If you’ve lost your job, or are changing jobs, you may be wondering what to do with your 401(k) plan account. You are entitled to a distribution of your vested balance. Your vested balance always includes your own contributions (pretax, after-tax, and Roth) and typically any investment earnings on those amounts. It also includes employer contributions (and earnings) that have satisfied your plan’s vesting schedule. It’s important to understand your particular plan’s vesting schedule because you’ll forfeit any employer contributions that haven’t vested by the time you leave your job. Your summary plan description (SPD) will explain the vesting schedule, this can be provided to you by the plan administrator. If you’re on the cusp of vesting, it may make sense to wait a bit before leaving.
Don’t spend it, roll it
While this pool of dollars may look attractive, don’t spend it unless you absolutely need to. If you take a distribution you’ll be taxed, at ordinary income tax rates, on the entire value of your account except for any after-tax or Roth 401(k) contributions you’ve made. And, if you’re not yet age 55, an additional 10% penalty may apply to the taxable portion of your payout. Your employer must also allow you to make a direct rollover to an IRA or to another employer’s 401(k) plan.
Should I roll over to my new employer’s 401(k) plan or to an IRA?
Assuming both options are available to you, there’s no right or wrong answer to this question. It’s best to have a professional assist you with this, since the decision you make may have significant consequences–both now and in the future.
Reasons to roll over to an IRA
You generally have more investment choices with an IRA than with an employer’s 401(k) plan.
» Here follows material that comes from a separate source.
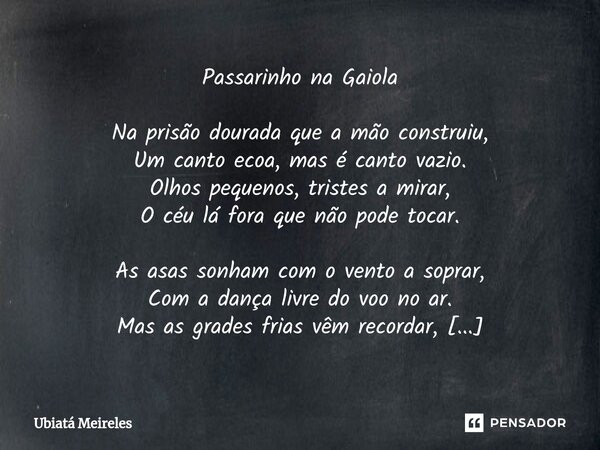 ⁠Passarinho na Gaiola Na prisão dourada que a mão construiu, Um canto ecoa, mas é canto vazio. Olhos pequenos, tristes a mirar, O céu lá fora que não pode tocar... Frase de Ubiatá Meireles.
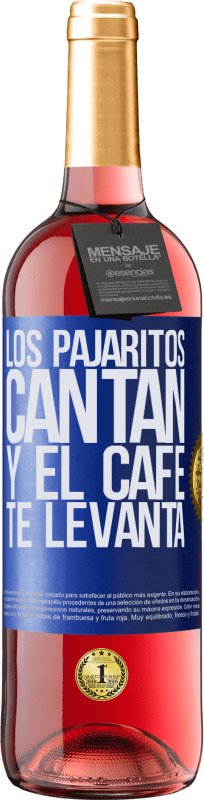 29,95 € | Vino Rosado Edición ROSÉ Los pajaritos cantan y el café te levanta Etiqueta Azul. Etiqueta personalizable Vino joven Cosecha 2024 Tempranillo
You typically may freely move your money around to the various investments offered by your IRA trustee, and you may divide up your balance among as many of those investments as you want. It can also allow you to have IRA accounts with more than one institution for added diversification. An IRA may give you more flexibility with distributions where your options in a 401(k) plan depend on the terms of that particular plan.
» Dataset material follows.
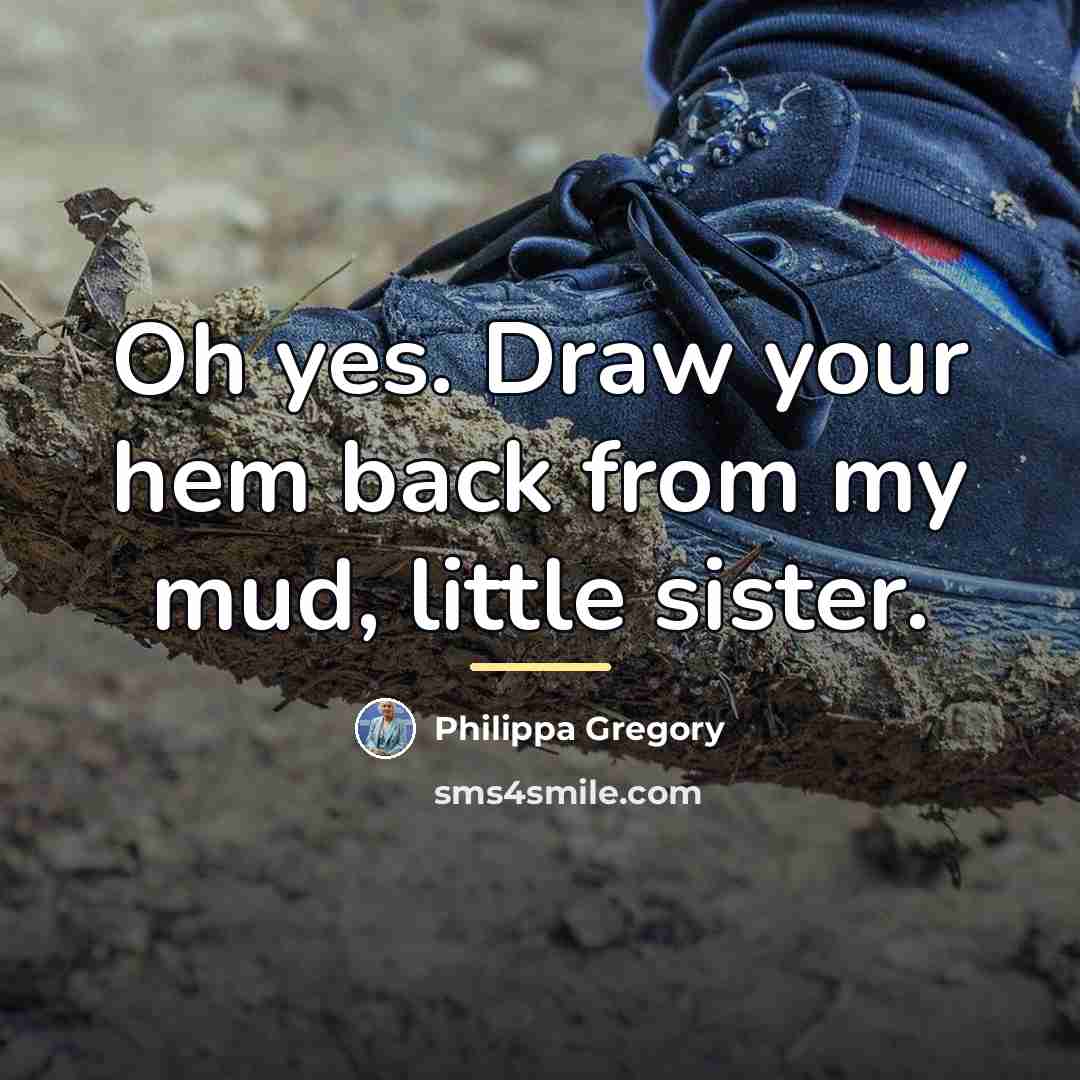 “Oh yes. Draw your hem back from my mud, little…” quote by Philippa Gregory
Reasons to roll over to your new employer’s 401(k) plan
If you roll over your retirement funds to a new employer’s plan that permits loans, you may be able to borrow up to 50% of the amount you roll over if you need the money. A rollover to your new employer’s 401(k) plan may provide greater creditor protection than a rollover to an IRA. Most 401(k) plans receive unlimited protection from your creditors under federal law. In addition, you may be able to postpone required minimum distributions.